Ashtrom continue d’être une société de développement et de construction de premier plan en Israël ; elle est cotée à la Bourse de Tel Aviv.
Azarzar affirme qu’il connait les Israéliens de l’île et qu’« en tant qu’Israéliens nous nous voyons, nous passons les fêtes ensemble » explique-t-il. Un ami travaille pour une autre entreprise de construction. Un autre est impliqué dans l’irrigation de l’île.
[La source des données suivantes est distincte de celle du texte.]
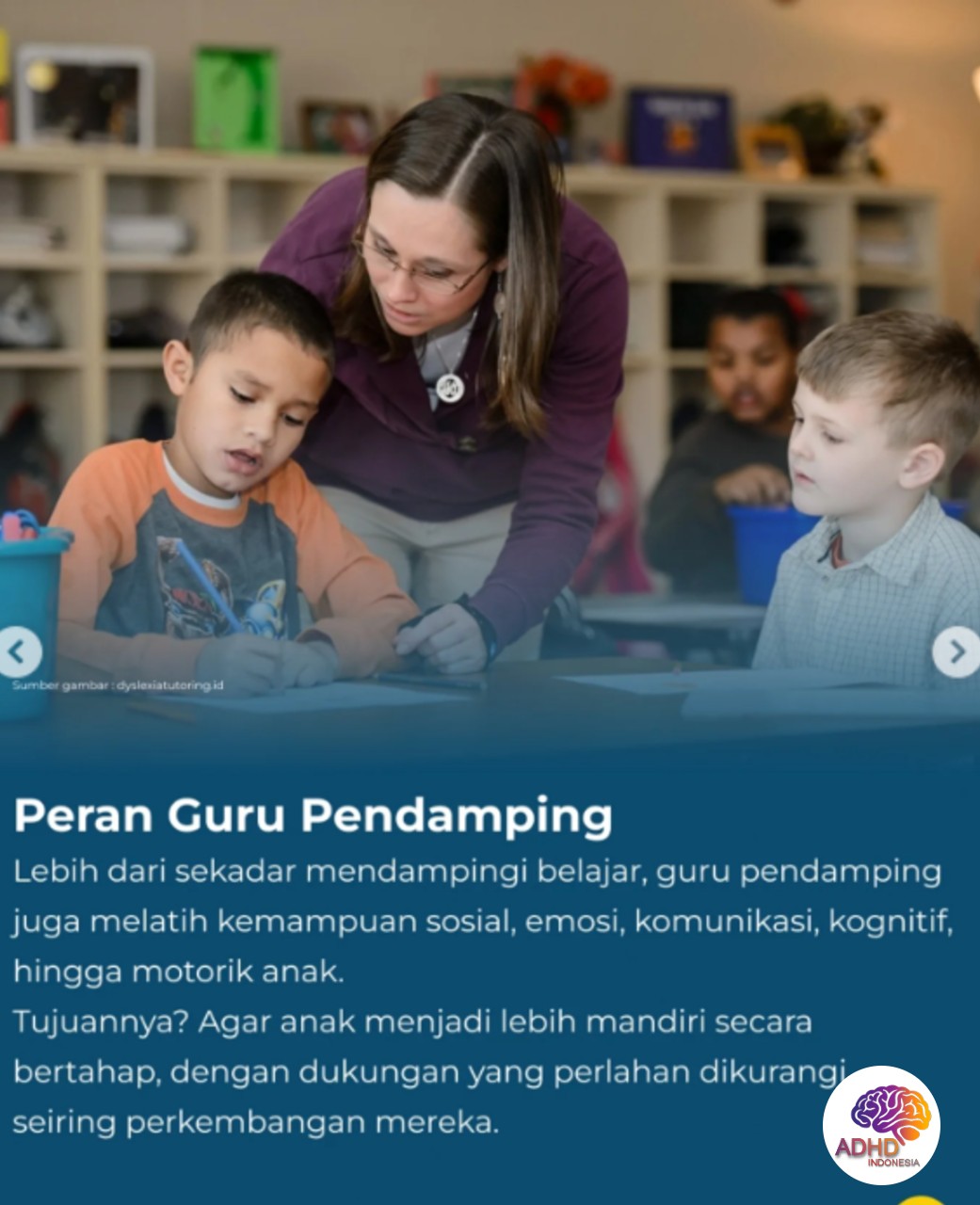 Peran Guru dan Sekolah dalam Menangani ADHD di Kabupaten Berau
Un troisième est employé par une entreprise de transport.
« Nous dînons ensemble parfois, mais je passe plus ou moins tout mon temps au bureau ».
La plupart des Israéliens, selon Shalom Hodara, un autre expatrié vivant et travaillant sur l’île, élisent domicile à Kingston, qui abrite le plus grand groupe de Jamaïcains d’origine juive – un peu moins de 400. C’est aussi ici qu’est située la seule synagogue de l’île, Shaaré Shalom. Il est vrai, reconnaît Hodara, que ni lui ni la plupart de ses amis ne participent aux activités de la synagogue.
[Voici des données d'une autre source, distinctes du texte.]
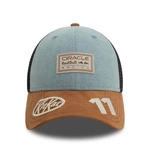 Red Bull Racing F1 2024 New Era Austin COTA Checo Perez Trucker Hat
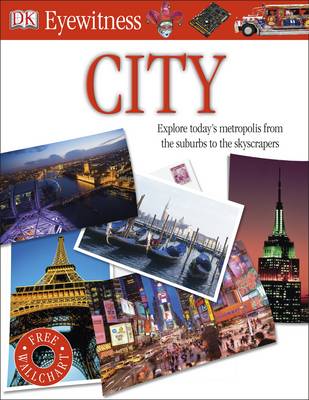 City - Eyewitness (Paperback)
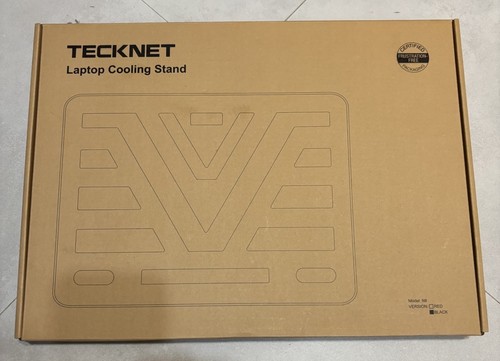 Tecknet laptop cooling pad - tecknet,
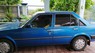 Toyota Carina 1986 - Xe Toyota Carina sản xuất năm 1986, màu xanh lam, nhập khẩu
« C’est vrai que c’est un beau pays » estime Hodara. Et qu’il y a du travail. Même si c’est variable.
La plupart du temps, les Israéliens viennent pour un projet de quelques années et « puis ils rentrent à la maison » explique-t-il.
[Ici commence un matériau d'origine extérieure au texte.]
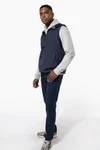 Unisex-Bodywarmer mit Fleecefutter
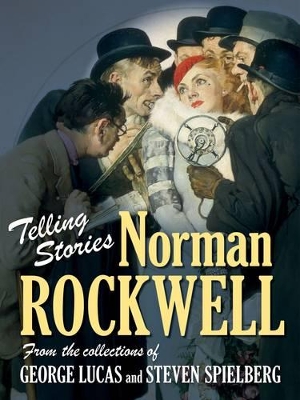 Book cover for Telling Stories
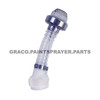 16P121 - KIT TUBE SUCTION FLEXIBLE G2 - Graco Original Part - Image 2
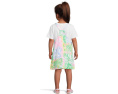 Платье Lilly Pulitzer Varney Overall Dress с цветочным принтом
Paul Matalon, un Juif qui est né et a grandi sur l’île, a vécu en Jamaïque la plus grande partie de sa vie. Il explique au Times of Israel qu’il a connu « pas mal » d’Israéliens au cours des années, dont certains sont devenus de bons amis. Pour Matalon, l’un des facteurs qui conduit les Israéliens à s’éloigner de la Jamaïque est sa culture des mariages mixtes.
« Les Israéliens ne veulent pas de mariages mixtes » estime Matalon. « Au moindre soupçon, ils envoient leurs enfants en Israël, puis ils reviennent eux aussi ».
Cependant, la femme d’Israël Pinchas est convertie au judaïsme, bien qu’il insiste sur le fait qu’elle soit d’origine juive – ce qui n’est pas rare en Jamaïque. Selon Ainsley Henriques, qui est un peu le généalogiste de la communauté, près d’un demi-million de Jamaïcains auraient du sang juif.
« Les Jamaïcains représentent une mosaïque, un groupe très coloré de personnes » estime Henriques.
D’origine israélienne, Pinchas dit que sa famille n’est pas religieuse, mais il veut que ses trois enfants « sachent d’où ils viennent ».
En grandissant en Israël, il fuyait les dîners du vendredi soir en famille pour aller au pub ou dans une soirée. Mais maintenant, il a redécouvert la beauté des rituels du Shabbat alors qu’il vit en Jamaïque.
Le vendredi soir, la femme de Pinchas allume les bougies tandis que lui se rend à Shaaré Shalom où un repas communautaire a lieu. Ses enfants fréquentent la Hillel Academy, l’école juive locale, et parfois il doit « les traîner » pour aller à la synagogue.
Pinchas explique qu’après ses dix premières années sur l’île il a pensé à la quitter, mais plus aujourd’hui. « J’aime les gens avec qui je travaille » assure-t-il. « Et puis je n’ai jamais ressenti de racisme ou d’antisémitisme en Jamaïque… Les gens sont tout simplement vrais et honnêtes ».
« Mon cœur sera toujours à Jérusalem, mais la Jamaïque est ma maison ».